I really appreciate your comment about self-discovery and acceptance. A lot of my anxieties and questions, which manifest in my poetry, have to do with understanding my place in the world and where I belong. Over and over again, I find myself trying to mould who I am to fit in. And continuously, I have to remind myself not to negotiate my identity, not to cross it out or let it disappear. “Held In” comes with a certain kind of agency that way, I think.

The narrator addresses the reader directly, describing an erasure of “all the words still shaped like you.” There is an ambiguity in the words the narrator identifies: “canyon, pigeons, throat, skin, peaches, denim.” Is the poem addressed to a certain individual, to a stranger, or to a collective? Or is it addressing an idea rather than a person?

Although the poem initially began as an intimate address, a reflection on a relationship, I’d say it exists now in a more imaginative realm. Although the symbols, or the words, explicitly outlined in the poem first came from memories and experiences with a specific person, they morphed from addressing solely a specific ‘you.’ I like to think of them as more flexible—markers of moments in time, of particular places. Though the ‘you’ could absolutely be a collective in some readings, depending on the perspective, I tend to read it as either a specific you, a conflated you/I, or the idea of place. It represents the things or people that become a part of someone’s history when transitioning to a new space, physically and/or emotionally.

Water is a recurring image throughout the poem. There’s a sense of fluidity as much as a sense of the narrator feeling bogged down. Can you speak to this juxtaposed duality a little?

Rivers and water are reoccurring in my poetry. Partially, I think, because they’re so rich with imagistic and metaphorical potential. Maybe I’m also drawn to them because they’re a reflective space: a sort of in between, a kind of stasis. When a poem is so prompted by things changing, by a transformation of some kind, the act of floating, of being suspended, is almost an anchor. I think in “Held In,” there is also the sense of letting go—how you might feel lighter afterward, and how, eventually, no longer being bogged down is what keeps you from sinking, so that you might eventually move forward.

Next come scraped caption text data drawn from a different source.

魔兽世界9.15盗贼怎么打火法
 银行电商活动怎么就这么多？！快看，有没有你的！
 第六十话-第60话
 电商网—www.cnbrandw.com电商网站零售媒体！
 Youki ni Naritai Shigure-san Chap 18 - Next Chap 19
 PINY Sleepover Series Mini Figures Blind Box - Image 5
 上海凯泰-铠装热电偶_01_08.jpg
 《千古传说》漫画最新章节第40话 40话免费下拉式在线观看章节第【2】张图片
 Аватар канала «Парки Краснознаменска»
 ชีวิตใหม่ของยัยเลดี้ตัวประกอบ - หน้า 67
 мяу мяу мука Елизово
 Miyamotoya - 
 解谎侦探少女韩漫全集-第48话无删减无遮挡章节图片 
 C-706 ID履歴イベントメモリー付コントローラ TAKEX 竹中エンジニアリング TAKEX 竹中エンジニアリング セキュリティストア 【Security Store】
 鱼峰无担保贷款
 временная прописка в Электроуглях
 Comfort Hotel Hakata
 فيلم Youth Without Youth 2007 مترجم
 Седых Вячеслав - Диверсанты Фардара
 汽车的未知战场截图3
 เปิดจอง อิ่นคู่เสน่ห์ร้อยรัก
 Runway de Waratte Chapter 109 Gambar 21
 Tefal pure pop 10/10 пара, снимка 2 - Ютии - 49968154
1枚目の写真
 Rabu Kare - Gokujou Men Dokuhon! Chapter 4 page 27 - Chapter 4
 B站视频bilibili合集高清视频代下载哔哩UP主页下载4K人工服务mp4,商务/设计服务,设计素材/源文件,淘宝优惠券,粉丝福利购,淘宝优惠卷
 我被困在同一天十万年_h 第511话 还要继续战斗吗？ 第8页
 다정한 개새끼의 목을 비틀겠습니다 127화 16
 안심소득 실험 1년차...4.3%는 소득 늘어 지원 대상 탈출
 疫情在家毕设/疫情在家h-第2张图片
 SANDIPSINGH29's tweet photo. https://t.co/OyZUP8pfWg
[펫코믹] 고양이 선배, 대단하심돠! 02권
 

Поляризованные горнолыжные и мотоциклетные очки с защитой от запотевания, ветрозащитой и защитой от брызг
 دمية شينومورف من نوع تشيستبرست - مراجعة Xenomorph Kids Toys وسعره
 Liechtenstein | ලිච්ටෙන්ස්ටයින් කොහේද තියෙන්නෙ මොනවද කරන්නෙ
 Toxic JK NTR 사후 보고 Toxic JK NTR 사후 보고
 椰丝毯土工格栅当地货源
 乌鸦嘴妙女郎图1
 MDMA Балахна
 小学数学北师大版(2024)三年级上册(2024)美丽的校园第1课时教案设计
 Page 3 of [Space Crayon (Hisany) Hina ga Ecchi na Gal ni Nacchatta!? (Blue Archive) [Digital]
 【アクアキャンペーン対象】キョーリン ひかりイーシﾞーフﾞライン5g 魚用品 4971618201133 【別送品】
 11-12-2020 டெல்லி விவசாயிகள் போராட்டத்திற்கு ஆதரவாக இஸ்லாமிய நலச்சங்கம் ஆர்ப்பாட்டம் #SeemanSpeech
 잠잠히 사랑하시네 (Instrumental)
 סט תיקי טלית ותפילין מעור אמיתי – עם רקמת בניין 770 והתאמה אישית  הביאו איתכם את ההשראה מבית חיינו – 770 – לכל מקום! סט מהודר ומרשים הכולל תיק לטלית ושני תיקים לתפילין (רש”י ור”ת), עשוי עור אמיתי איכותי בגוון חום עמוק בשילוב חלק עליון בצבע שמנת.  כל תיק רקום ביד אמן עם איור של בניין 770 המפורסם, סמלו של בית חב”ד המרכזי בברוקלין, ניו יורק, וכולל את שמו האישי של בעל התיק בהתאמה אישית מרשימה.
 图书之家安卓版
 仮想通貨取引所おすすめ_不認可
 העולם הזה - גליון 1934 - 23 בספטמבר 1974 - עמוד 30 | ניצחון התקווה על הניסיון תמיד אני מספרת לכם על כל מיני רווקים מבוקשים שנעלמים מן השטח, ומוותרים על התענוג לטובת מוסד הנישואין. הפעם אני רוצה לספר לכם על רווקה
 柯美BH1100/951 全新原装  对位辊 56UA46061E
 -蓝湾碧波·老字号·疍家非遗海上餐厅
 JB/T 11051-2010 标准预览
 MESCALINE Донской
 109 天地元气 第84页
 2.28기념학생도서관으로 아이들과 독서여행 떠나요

Thank you again for this really insightful look into my work. I’m so glad you brought this up, because I’ve been playing around with the water motif in my recent work, especially by exploring the idea of crossing water, and how it might create connections and separations. Safia Elhillo has this gorgeous line, “i am from / anywhere halved by water” (still life with the accent), which I think about a lot.

Your poetry has won several prizes including the 2019 92Y/Discovery Poetry Contest and the 2018 Ploughshares’ Emerging Writer’s Contest. Your work has been published in a plethora of literary journals, and your upcoming chapbook Faces that Fled the Wind was chosen for the 2019 BOAAT Press Chapbook Prize. Who are some poets who’ve inspired you, and what is the best piece of writing advice you’ve ever received?

I have had such a surreal year! I honestly can’t even put into words how grateful I am to all the people who saw something in my work. I’m still in shock. I hope to be able to pay it forward one day.

The list of poets who have inspired me is truly endless! Reading Li-Young Lee opened a world of possibility. Nazim Hikmet’s “Things I Didn’t Know I Loved” was probably the first poem I ever really loved. Derek Walcott, Brigit Pegeen Kelly, and Aga Shahid Ali remain favourites. More recently, I’ve been inspired by Safia Elhillo, Shivanee Ramlochan, Gwen Benaway, Doyali Islam, Hala Alyan, and so many more! Including many, many wonderful friends.

I’ve received a lot of great writing advice, but one thing that has stayed with me is Garrett Hongo’s advice to follow a poem’s metaphor(s), which is particularly helpful for endings. I suppose this means I’m more mindful when exiting a poem’s metaphorical/imagistic vocabulary now—that isn’t to say I always stay within it, but I do try to be more deliberate with my surprises and turns.